Exercise: When the line containing "1.6 بوصة عرض" appears in the data below, begin copying there and stop only after the line containing "Disney Sammelbilder &".

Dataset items

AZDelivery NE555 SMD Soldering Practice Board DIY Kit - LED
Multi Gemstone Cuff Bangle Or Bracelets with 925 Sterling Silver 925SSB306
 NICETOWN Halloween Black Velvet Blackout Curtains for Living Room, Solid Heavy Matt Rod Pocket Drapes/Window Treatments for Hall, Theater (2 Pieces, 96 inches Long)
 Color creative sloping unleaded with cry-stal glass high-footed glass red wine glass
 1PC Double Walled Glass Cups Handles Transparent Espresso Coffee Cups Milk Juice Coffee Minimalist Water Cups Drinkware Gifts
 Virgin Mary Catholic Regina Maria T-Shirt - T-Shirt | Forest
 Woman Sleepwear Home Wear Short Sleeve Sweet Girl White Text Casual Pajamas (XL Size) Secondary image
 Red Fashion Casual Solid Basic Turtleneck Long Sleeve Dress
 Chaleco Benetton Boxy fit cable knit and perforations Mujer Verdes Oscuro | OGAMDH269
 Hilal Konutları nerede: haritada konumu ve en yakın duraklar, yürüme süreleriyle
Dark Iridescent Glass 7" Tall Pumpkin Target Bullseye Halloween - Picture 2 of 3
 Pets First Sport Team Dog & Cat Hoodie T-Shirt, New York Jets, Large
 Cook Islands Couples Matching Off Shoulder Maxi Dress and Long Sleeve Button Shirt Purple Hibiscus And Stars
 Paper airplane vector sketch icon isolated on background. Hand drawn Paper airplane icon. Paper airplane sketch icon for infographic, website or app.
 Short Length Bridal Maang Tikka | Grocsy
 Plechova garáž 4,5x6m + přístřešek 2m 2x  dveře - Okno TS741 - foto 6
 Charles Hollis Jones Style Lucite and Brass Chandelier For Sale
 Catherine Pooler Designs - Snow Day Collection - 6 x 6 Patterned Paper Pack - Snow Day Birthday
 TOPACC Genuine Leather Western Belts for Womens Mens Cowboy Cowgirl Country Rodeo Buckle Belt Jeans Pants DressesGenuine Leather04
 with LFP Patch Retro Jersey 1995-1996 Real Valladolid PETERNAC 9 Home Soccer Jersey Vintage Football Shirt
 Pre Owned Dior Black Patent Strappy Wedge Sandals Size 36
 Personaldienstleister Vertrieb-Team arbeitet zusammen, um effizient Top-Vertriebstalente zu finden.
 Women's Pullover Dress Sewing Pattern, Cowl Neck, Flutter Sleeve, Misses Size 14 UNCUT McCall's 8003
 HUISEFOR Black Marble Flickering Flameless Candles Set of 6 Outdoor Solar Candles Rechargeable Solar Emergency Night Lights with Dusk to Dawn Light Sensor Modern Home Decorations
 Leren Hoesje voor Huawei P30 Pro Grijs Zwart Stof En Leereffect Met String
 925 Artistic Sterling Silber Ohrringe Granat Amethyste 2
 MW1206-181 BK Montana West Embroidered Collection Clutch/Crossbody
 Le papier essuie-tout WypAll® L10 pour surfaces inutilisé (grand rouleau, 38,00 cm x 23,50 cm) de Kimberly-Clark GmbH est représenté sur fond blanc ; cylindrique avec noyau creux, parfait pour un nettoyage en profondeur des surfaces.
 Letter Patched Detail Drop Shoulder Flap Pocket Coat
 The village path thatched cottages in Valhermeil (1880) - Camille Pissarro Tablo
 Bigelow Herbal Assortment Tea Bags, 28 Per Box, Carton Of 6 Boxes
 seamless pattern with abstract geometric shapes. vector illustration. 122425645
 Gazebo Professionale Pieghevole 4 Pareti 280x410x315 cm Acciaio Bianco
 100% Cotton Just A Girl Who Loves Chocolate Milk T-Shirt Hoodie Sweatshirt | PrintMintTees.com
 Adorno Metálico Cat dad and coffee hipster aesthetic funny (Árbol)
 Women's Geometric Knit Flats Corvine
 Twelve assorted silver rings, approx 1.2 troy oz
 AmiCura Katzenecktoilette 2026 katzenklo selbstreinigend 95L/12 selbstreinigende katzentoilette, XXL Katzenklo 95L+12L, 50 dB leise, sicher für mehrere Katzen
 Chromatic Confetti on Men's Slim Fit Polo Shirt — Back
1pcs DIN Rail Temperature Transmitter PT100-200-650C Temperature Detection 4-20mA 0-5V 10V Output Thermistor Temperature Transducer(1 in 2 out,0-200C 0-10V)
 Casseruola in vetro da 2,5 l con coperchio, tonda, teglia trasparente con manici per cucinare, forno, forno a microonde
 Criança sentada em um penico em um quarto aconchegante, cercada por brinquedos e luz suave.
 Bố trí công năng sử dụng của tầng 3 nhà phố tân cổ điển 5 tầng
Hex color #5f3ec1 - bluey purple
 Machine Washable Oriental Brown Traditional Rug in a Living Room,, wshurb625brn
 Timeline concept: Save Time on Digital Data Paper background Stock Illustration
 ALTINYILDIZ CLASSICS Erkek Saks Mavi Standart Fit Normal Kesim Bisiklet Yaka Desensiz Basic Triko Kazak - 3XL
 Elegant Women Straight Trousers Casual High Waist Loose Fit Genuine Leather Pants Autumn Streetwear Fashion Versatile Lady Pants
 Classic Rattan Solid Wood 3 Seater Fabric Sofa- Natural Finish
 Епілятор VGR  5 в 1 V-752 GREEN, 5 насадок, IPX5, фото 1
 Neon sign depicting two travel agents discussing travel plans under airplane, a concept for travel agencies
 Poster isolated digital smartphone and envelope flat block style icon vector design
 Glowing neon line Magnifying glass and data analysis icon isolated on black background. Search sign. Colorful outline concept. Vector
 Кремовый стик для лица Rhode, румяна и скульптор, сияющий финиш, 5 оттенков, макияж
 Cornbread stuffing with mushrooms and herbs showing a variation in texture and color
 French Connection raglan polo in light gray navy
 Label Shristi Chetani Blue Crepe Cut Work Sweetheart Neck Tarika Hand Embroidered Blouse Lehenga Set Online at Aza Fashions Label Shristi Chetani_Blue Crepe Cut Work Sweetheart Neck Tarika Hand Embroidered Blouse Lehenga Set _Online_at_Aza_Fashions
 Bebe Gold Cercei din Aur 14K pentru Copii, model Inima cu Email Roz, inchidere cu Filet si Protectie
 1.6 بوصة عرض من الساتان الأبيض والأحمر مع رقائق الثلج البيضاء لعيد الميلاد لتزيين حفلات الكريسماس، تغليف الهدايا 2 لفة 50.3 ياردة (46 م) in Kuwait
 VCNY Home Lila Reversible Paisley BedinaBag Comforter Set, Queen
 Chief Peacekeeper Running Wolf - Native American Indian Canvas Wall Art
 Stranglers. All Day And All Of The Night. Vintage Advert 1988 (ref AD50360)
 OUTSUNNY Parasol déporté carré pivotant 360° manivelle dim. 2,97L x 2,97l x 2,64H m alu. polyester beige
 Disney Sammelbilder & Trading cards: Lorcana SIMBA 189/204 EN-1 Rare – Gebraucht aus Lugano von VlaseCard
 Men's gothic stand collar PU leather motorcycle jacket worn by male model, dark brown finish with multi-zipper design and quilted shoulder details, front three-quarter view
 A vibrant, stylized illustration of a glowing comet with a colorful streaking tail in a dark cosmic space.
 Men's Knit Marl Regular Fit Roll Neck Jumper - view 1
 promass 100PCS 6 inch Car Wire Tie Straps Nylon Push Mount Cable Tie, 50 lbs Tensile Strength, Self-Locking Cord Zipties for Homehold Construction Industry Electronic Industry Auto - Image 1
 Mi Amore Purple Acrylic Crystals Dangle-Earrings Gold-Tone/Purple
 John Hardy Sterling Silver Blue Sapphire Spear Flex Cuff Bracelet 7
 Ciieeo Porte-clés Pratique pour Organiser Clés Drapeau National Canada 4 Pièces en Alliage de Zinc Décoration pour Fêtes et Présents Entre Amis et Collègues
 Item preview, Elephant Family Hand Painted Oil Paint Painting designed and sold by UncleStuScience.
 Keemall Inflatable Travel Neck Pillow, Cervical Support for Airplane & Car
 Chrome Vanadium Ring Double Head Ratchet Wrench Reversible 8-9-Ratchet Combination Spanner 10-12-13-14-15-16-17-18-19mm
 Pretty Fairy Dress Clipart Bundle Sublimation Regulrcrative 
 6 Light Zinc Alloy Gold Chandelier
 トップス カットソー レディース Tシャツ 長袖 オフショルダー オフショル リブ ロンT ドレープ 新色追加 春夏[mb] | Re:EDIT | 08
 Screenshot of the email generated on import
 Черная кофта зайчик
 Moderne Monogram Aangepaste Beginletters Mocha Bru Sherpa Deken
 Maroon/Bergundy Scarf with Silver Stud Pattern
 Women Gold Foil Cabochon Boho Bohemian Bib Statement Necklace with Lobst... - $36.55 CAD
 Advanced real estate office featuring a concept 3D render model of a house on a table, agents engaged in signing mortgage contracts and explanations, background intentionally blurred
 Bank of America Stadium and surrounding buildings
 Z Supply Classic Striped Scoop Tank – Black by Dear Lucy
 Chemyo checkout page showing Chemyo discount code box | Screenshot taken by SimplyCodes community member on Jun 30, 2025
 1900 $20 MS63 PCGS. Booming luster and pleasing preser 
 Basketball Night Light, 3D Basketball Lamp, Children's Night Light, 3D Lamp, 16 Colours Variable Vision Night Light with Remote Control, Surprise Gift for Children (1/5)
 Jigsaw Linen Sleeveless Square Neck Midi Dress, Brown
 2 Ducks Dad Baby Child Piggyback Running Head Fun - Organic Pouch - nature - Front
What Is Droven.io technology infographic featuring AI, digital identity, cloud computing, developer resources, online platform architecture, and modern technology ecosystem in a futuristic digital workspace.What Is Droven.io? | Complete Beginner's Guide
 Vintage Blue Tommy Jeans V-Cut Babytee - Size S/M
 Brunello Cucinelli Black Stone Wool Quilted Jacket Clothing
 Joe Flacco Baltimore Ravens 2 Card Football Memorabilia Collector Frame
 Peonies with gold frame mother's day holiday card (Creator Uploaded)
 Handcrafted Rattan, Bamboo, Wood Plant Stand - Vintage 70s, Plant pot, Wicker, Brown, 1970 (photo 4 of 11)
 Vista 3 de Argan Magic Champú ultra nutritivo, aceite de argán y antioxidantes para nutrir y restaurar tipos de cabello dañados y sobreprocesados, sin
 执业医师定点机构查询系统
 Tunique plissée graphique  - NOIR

Solved exercise:
 1.6 بوصة عرض من الساتان الأبيض والأحمر مع رقائق الثلج البيضاء لعيد الميلاد لتزيين حفلات الكريسماس، تغليف الهدايا 2 لفة 50.3 ياردة (46 م) in Kuwait
 VCNY Home Lila Reversible Paisley BedinaBag Comforter Set, Queen
 Chief Peacekeeper Running Wolf - Native American Indian Canvas Wall Art
 Stranglers. All Day And All Of The Night. Vintage Advert 1988 (ref AD50360)
 OUTSUNNY Parasol déporté carré pivotant 360° manivelle dim. 2,97L x 2,97l x 2,64H m alu. polyester beige
 Disney Sammelbilder & Trading cards: Lorcana SIMBA 189/204 EN-1 Rare – Gebraucht aus Lugano von VlaseCard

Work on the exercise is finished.